Grassley Questions Repeated Delays of Popular Tax Relief
Statement of Senator Chuck Grassley
Chairman, Committee on Finance
Floor Debate on Appointing Conferees on Tax Relief Reconciliation Bill
Monday, Feb. 13, 2006
Earlier this month, we began and finished the second floor debate on the tax relief reconciliation bill.
At that time, I spoke in recognition of Groundhog Day. I have next to me a portrait of Punxsutawney
Phil. In thinking of Phil and his unique form of weather report, I also thought of the popular film
titled “Groundhog Day” starring Bill Murray, in which a man relives the same day, Groundhog Day,
over and over again. This film has taken on greater significance for me as I seem to be in a similar
situation. More than just a sense of déjà vu, I feel like I am reliving a couple of past experiences.
I’ve got another chart. This chart shows a scene from the Bill Murray movie -- Groundhog Day. If
you take a look, you’ll see the Groundhog, our friend, Phil driving and Bill Murray is helping Phil
drive. Bill Murray is kind of the co-pilot. Phil is driving the car. As I said above, I feel like Bill
Murray’s character in the movie. It seems that we are re-living the same events over and over again.
We are going through the same debates over and over again. We had these same debates just a
couple of weeks ago.
Let me summarize the floor process we have been through on this bill. At 11:08 a.m. on Wednesday,
February 1, 2006, I opened the second Senate floor debate on this bill. The final roll call vote on final
passage occurred at 9:42 p.m. on Thursday, February 2, 2006. That day was Groundhog Day, by the
way. Three Senators were not here for the vote on final passage. There were a total of 8 roll call
votes, including the vote on final passage. You’ll recall the debate earlier this month comes on top
of the debate we had in November on the same bill.

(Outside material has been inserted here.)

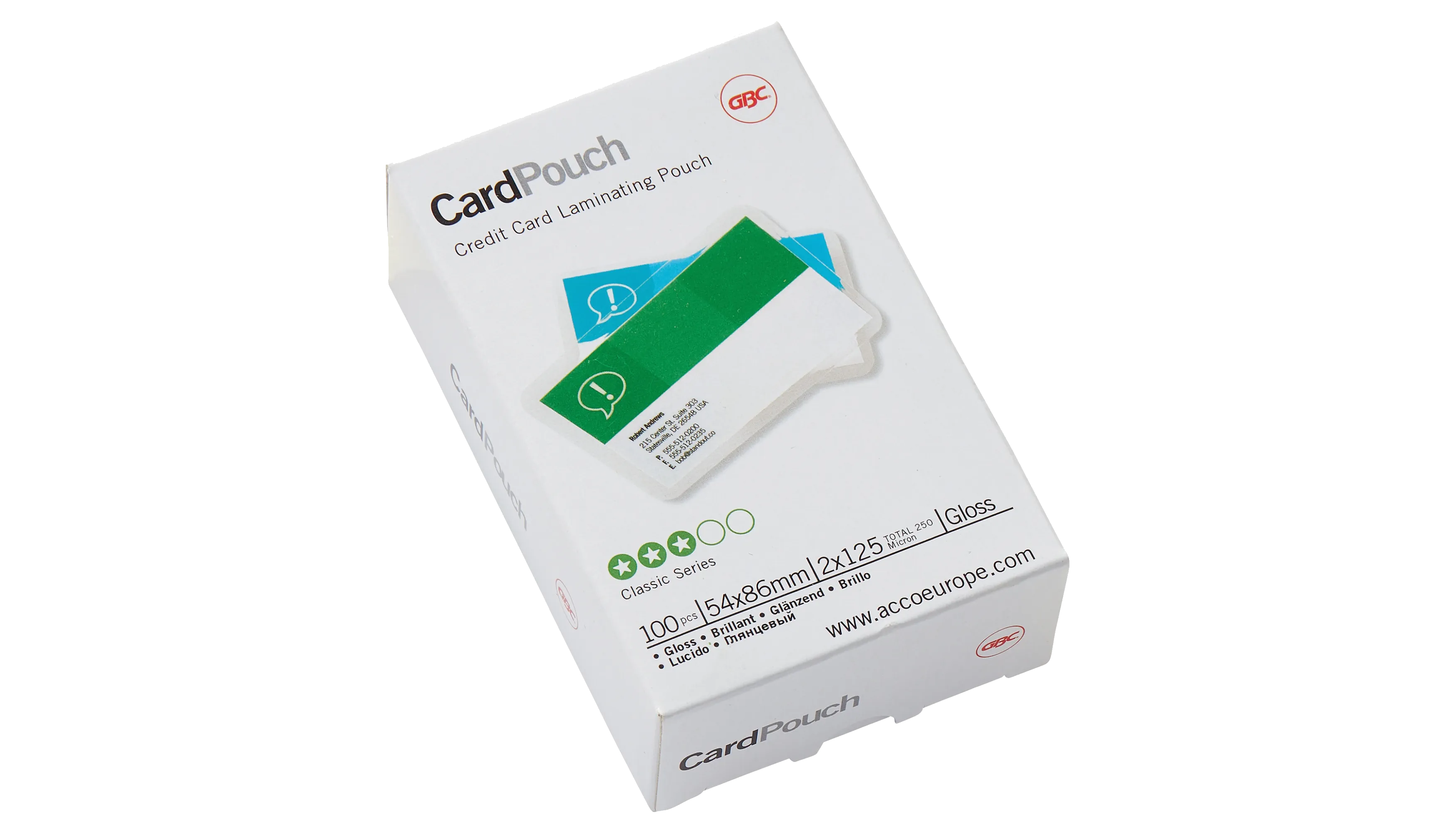 GBC® Laminierfolie Card™Pouch glänzend 54 x 86 mm (B x H) 125 µm 100 Stück/Pack transparent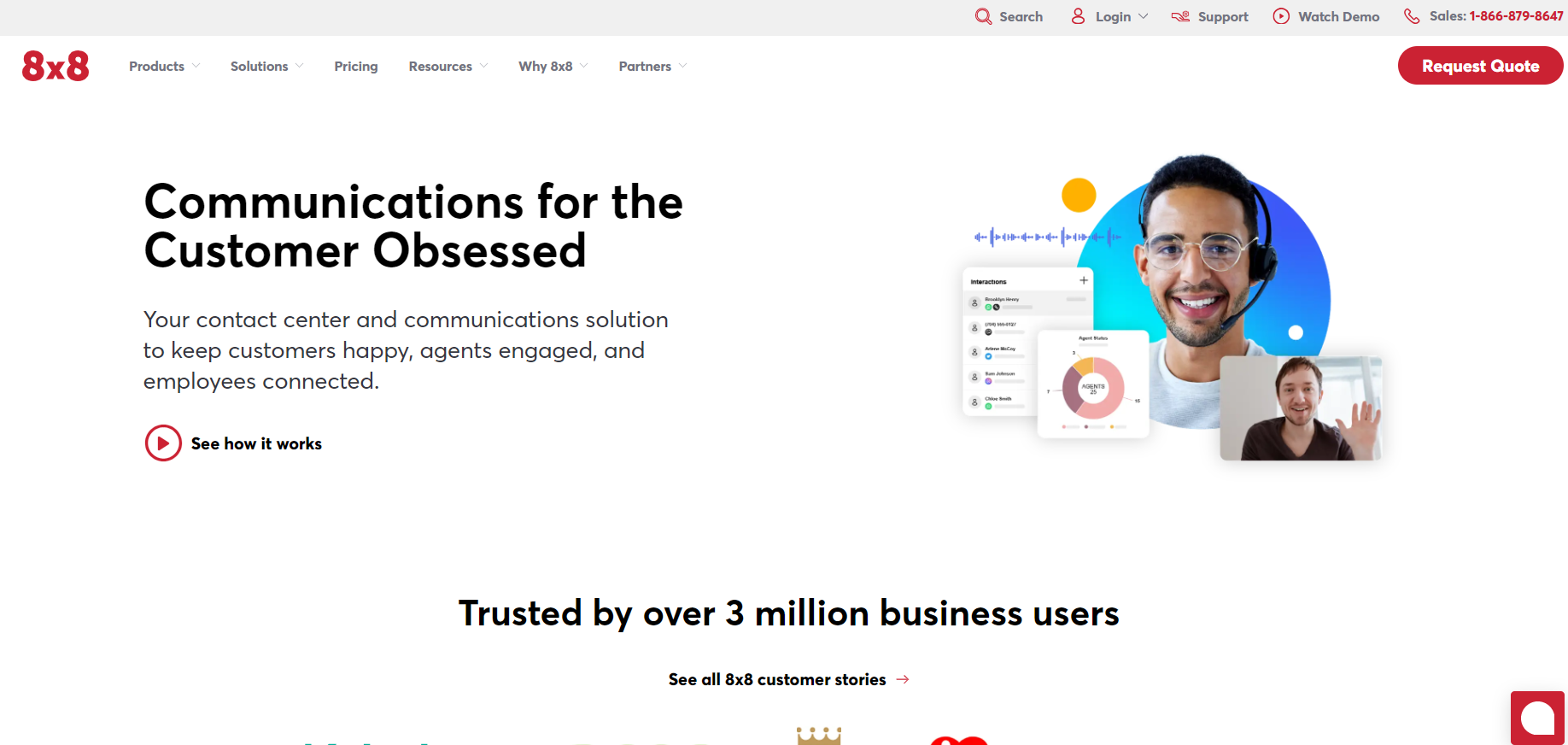 8x8主页 - 以客户为中心的帮助台解决方案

At 3:35 p.m. on Wednesday, November 16, 2005, we took up S.2020: The Tax Relief Act of 2005.
For 20 hours on Wednesday, Thursday, and into Friday, we debated this bill. A total of 80
amendments were filed and 7 of them were agreed to. This liveliness culminated in 18 roll call votes.

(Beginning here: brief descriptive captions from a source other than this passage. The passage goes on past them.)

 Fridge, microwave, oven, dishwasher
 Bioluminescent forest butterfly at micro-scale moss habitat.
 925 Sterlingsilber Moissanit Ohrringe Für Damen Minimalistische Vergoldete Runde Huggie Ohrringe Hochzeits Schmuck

The final vote on final passage came at 12:05 a.m. Friday morning, the 18th of November. According
to the Secretary of the Senate, at least 97 of us were there for that vote, so I must not be the only one
reliving that experience. For the record, I should clarify that Senator Menendez was not a senator
during the first debate. Senator Menendez was here for the second debate because he joined the
Senate after the first bill passed. So, maybe the second debate wasn’t “old hat” to him.

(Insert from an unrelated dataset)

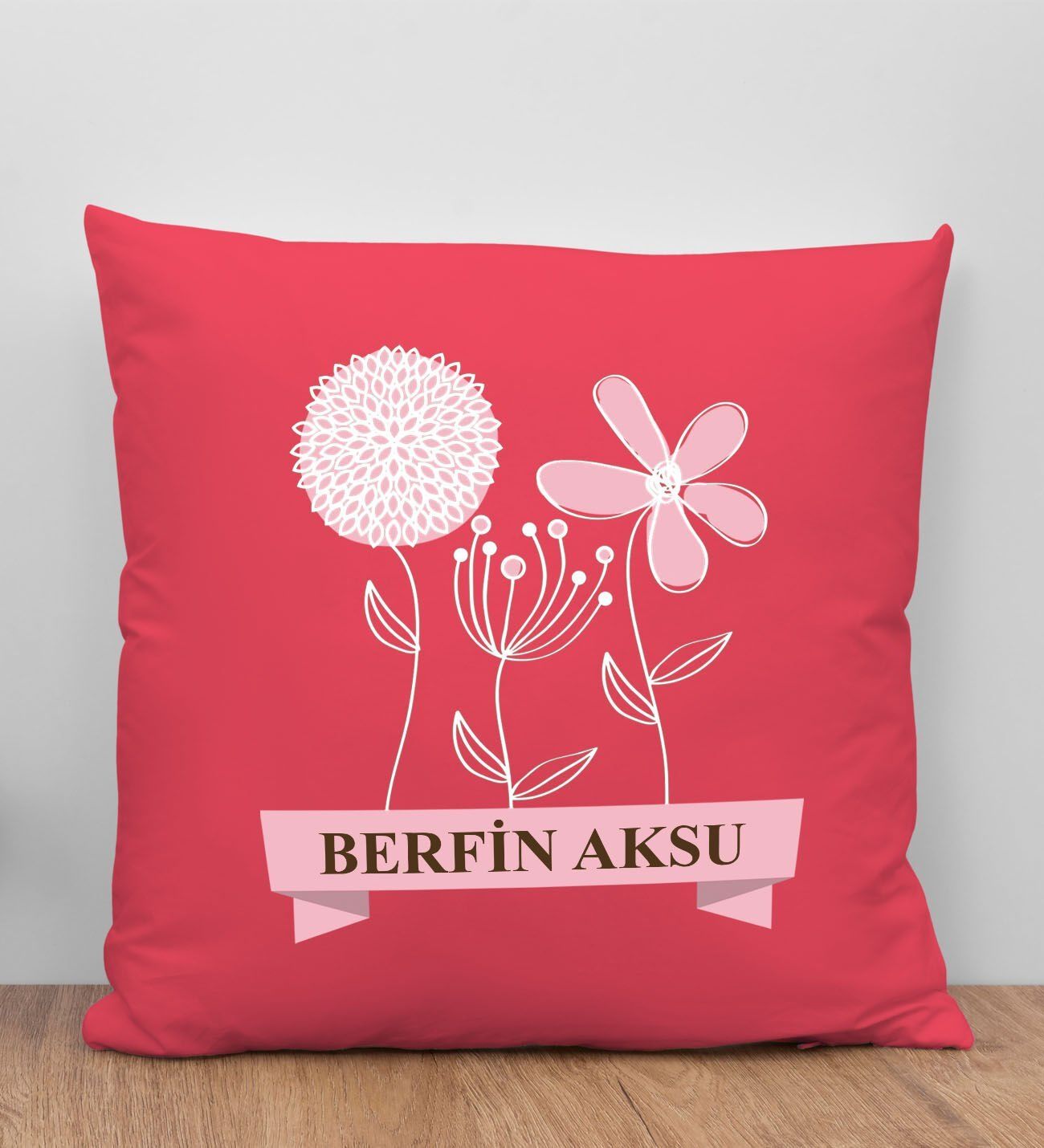 BK Gift Kişiye Özel İsimli Anneler Günü Tasarımlı Kırmızı Kırlent Yastık, Anneye Hediye, Ev Dekorasyonu, Anneler Günü Hediyesi-4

Here are the two bills. The bill we first debated in November and passed back then is S.2020, the
“Tax Relief Act of 2005.” The Senate passed the second bill on February 9, 2006. That bill is H.R.
4297, as amended, is also the “Tax Relief Act of 2005.” The first bill, S.2020, as passed on
November 17, 2005, is 417 pages long. The second bill, HR 4297, as amended, is 363 pages long.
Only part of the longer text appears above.